La FI a un programme qui peut être complété et développé ou corrigé. On peut critiquer tel ou tel point de ce programme. J’avoue que le tirage au sort n’est pas ma tasse de thé. Et pas mal de points de détails me laissent sceptique. Mais la ligne général est tout à fait juste et correspond à ce que nous défendons sur depuis de longues années : défense des acquis sociaux, rupture avec l’Union européenne (le plan B), révolution dans les institutions avec la revendication d’une république parlementaire démocratique, planification écologique rompant avec la logique de l’accumulation illimitée du capital, laïcité et « renationalisation » de l’école publique. Tous les éléments d’un humanisme pratique y sont. Et là encore, la libre discussion et l’action viendront trancher les points litigieux. Avoir un programme parfait et rester dans l’opposition éternellement, ce n’est pas vraiment la meilleure solution pour que le monde change de base.

On sait bien que les zadistes, les gauchistes mouvementistes, les rescapés de « Nuit debout » et les amis des communautaristes ne sont pas notre tasse de thé.
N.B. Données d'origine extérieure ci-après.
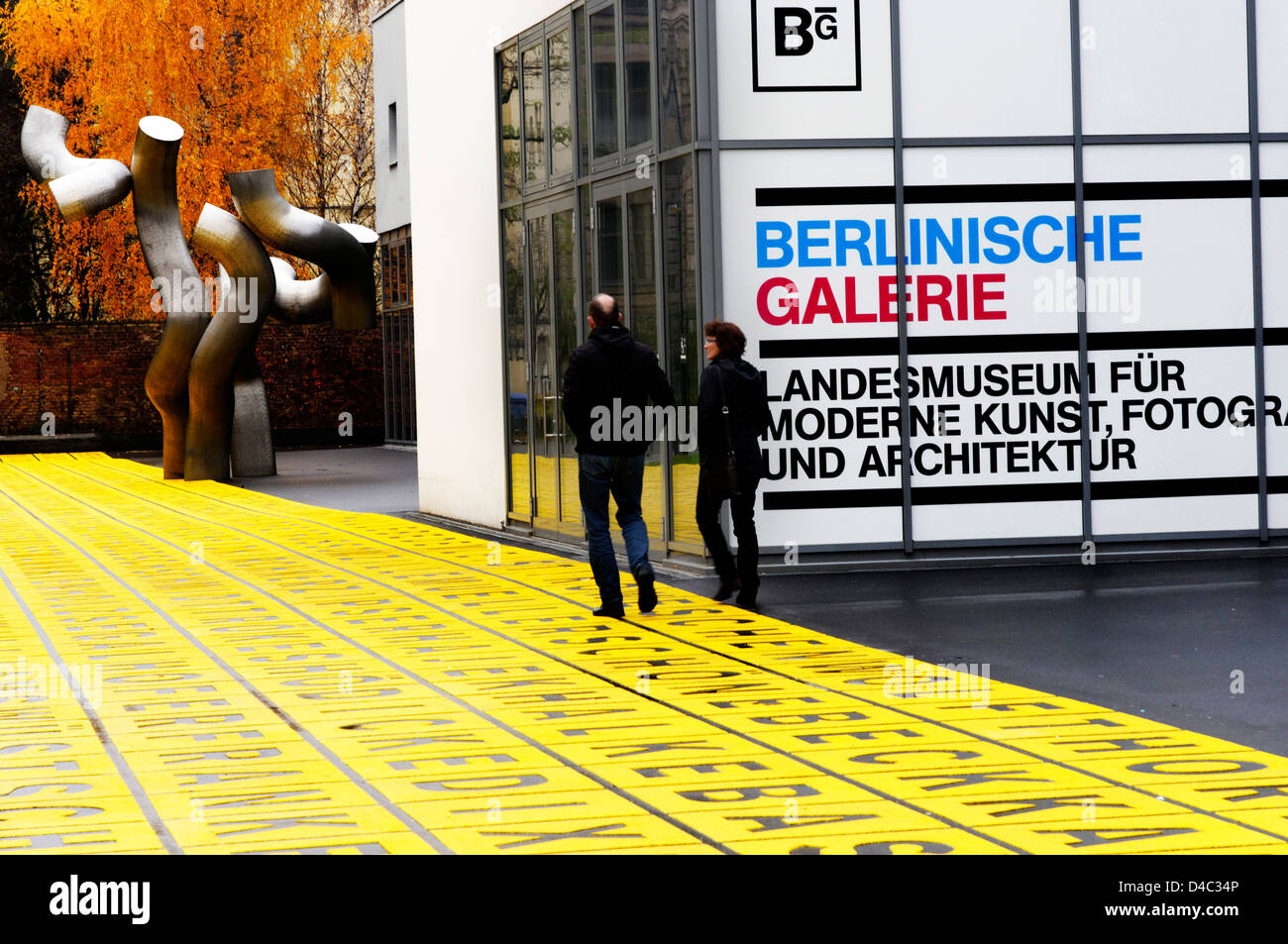La grille des lettres à l'extérieur de la Berlinische Galerie Musée d'art moderne à Berlin, Allemagne Banque D'Images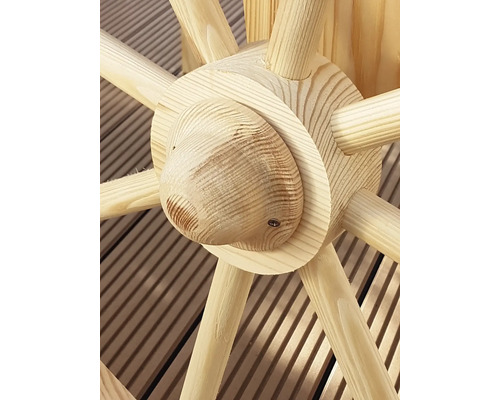 Detailaufnahme eines Holzbrunnens mit rundem, hölzernem Wasserrad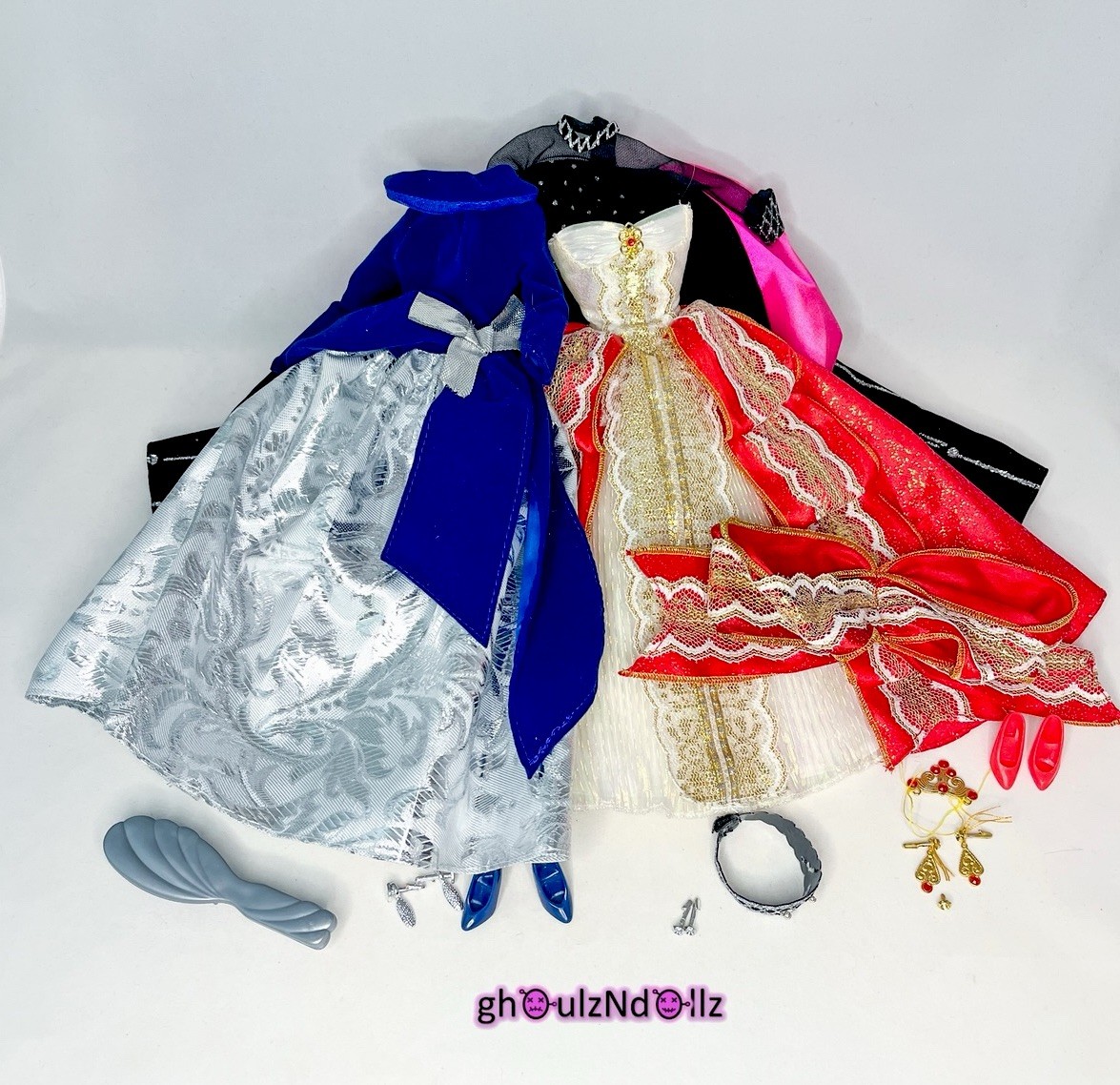 BARBIE Doll 1990’s Winter Happy Holiday Vintage Gown Dress Accessory LOT Mattel.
Mais puisque tous ces gens ont accepté de soutenir un républicain patriote comme Mélenchon, puisqu’ils ont accepté de porter des drapeaux tricolores et de chanter « La Marseillaise » dans ses meetings, l’essentiel réside dans les pas pratiques qu’ils ont accomplis et non dans la bouillie qu’ils ont dans la tête. Comme le disait Trotsky, « le prolétariat n’interdit à quiconque de lutter à ses côtés, pourvu qu’il lutte réellement ». Aux partisans de la république sociale, aux héritiers du mouvement ouvrier laïque, aux défenseurs de la souveraineté de se faire entendre. La FI n’est pas un cénacle philosophique, ni une loge maçonnique, ni un parti bolchévique réinventé. C’est un mouvement, avec tous les avantages et les inconvénients de cette formule politique. Mais si on veut la majorité et il faut vouloir la majorité, on doit en passer par là. Et calquer les structures et le fonctionnement de ce mouvement sur les structures et le fonctionnement des vieux partis comme le PCF ou PS, c’est à coup sûr gaspiller toutes les potentialités du mouvement, pour se soumettre à la « loi d’airain de l’oligarchie » comme le disait Robert Michels.

Certains s’offusquent du côté personnel de la direction de Jean-Luc Mélenchon. C’est effectivement gênant. Nous aimerions pouvoir nous passer de chef. Mais dans la situation présente, alors que l’éducation politique est à refaire, alors que les bonnes habitudes de la discipline militante se sont évaporées et qu’on doit reconstruire tout, dans l’urgence, sur un champ de ruines, on est contraint de soutenir un prince au sens de Machiavel, un prince « virtuoso », apte à fédérer les énergies et à donner un coup d’arrêt à l’invasion des barbares.